The Volvo articulated haulers working on the El Mhir quarry in Algeria are proving invaluable in helping this rapidly developing nation to improve its infrastructure.
Algeria is a vast, yet largely deserted, North African country, with much of its 2.4 million km2 lying within the arid zone of the Sahara Desert. Algeria was once an integral part of France, until it secured its independence in 1962. Now, fuelled by its mineral riches, especially oil, Algeria has embarked on an ambitious infrastructure development plan that will improve living conditions and the transport network for its 35 million countrymen.
The key material in improving infrastructure on a national scale is concrete – and a key component of that is aggregate. So the government is authorizing new licences to quarry at carefully selected sites around the country. The El Mhir Quarry, 230 km east of the capital Algiers, is one of these sites. The quarry is owned and operated by Bensebaa, a family firm that waited four years for permission to start working the site, which eventually came with a 50 year concession in 2007. At 320,000 m2 the site needed extensive preparatory works – geological testing, construction of haul roads and establishing a modern crushing plant onsite.

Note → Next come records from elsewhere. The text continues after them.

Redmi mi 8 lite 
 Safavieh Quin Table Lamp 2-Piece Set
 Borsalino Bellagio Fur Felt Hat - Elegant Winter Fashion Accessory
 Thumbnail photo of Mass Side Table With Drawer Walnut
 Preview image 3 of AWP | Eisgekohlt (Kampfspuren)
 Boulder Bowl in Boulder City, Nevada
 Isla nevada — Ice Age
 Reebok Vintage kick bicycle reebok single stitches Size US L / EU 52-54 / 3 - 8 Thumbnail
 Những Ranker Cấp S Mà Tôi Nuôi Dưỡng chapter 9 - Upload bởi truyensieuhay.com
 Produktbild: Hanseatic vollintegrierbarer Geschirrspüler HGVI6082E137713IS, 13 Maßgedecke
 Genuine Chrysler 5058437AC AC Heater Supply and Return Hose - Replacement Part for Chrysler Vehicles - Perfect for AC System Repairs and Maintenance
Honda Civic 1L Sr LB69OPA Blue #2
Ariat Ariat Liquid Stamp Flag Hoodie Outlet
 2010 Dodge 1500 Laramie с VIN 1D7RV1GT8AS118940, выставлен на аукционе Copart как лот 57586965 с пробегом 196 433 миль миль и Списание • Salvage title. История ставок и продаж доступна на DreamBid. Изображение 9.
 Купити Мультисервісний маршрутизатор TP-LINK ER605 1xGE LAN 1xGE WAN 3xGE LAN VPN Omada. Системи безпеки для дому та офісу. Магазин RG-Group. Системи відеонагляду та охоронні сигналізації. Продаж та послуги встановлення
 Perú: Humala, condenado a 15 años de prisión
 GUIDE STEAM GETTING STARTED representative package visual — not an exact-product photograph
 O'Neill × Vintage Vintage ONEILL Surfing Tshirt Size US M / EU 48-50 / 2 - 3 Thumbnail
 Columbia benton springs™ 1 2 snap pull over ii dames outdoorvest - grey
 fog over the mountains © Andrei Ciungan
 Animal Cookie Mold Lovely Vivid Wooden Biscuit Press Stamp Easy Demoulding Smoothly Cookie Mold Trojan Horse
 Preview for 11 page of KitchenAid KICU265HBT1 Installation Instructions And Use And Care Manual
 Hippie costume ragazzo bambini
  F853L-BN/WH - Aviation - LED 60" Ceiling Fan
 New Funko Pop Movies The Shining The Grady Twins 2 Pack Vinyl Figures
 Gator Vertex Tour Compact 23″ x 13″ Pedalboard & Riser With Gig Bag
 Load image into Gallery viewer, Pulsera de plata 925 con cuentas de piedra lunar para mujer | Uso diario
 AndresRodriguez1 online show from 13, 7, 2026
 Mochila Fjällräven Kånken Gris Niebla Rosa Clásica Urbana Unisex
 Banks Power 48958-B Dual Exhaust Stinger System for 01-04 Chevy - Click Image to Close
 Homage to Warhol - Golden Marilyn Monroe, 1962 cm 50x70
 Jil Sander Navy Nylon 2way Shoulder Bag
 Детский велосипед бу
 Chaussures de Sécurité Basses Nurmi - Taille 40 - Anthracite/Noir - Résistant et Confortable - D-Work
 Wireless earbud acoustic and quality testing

This process took two years and the quarry finally went into production in December last year.
White, hot and dusty
There is much work for the company’s 50 employees to be done at El Mhir. The quarry has proven reserves down to 70 meters, giving the site an expected economic lifespan of around 60 years.
“One advantage of the site is that there is almost no overburden, so we can get right down to blasting,” says chief mine engineer Abdelrachid Kirtache. “We have very quickly ramped-up production to our current output of 3,000 tonnes per day.”
Blasting happens twice a month, a limitation set by the local police authorities to prevent explosives falling into the hands of a small band of terrorists that Algeria still endures. Each blast requires an enormous 3.5 tonnes of dynamite and puts over 50,000 tonnes of rock on the ground. As the exact timing of the delivery of the explosives is kept secret, Mr. Kirtache has to be ready with his 120 bore holes well in advance of the blast.
Currently, a large proportion of the quarry’s output is sent to the company’s own concrete plant, some 60km away from the site, which makes kerbs and other products for use on highway developments. The biggest by far of these road projects is the East-West Highway, which stretches 1,200 km from Algeria’s border with Tunisia on the East to Morocco on the West.
The right tools for the job
Among the seven Volvos used on the site, since June last year, are a pair of A35E articulated haulers, a brace of EC460BLC excavators, a giant EC700B excavator, and two wheel loaders – a L180E and L220E.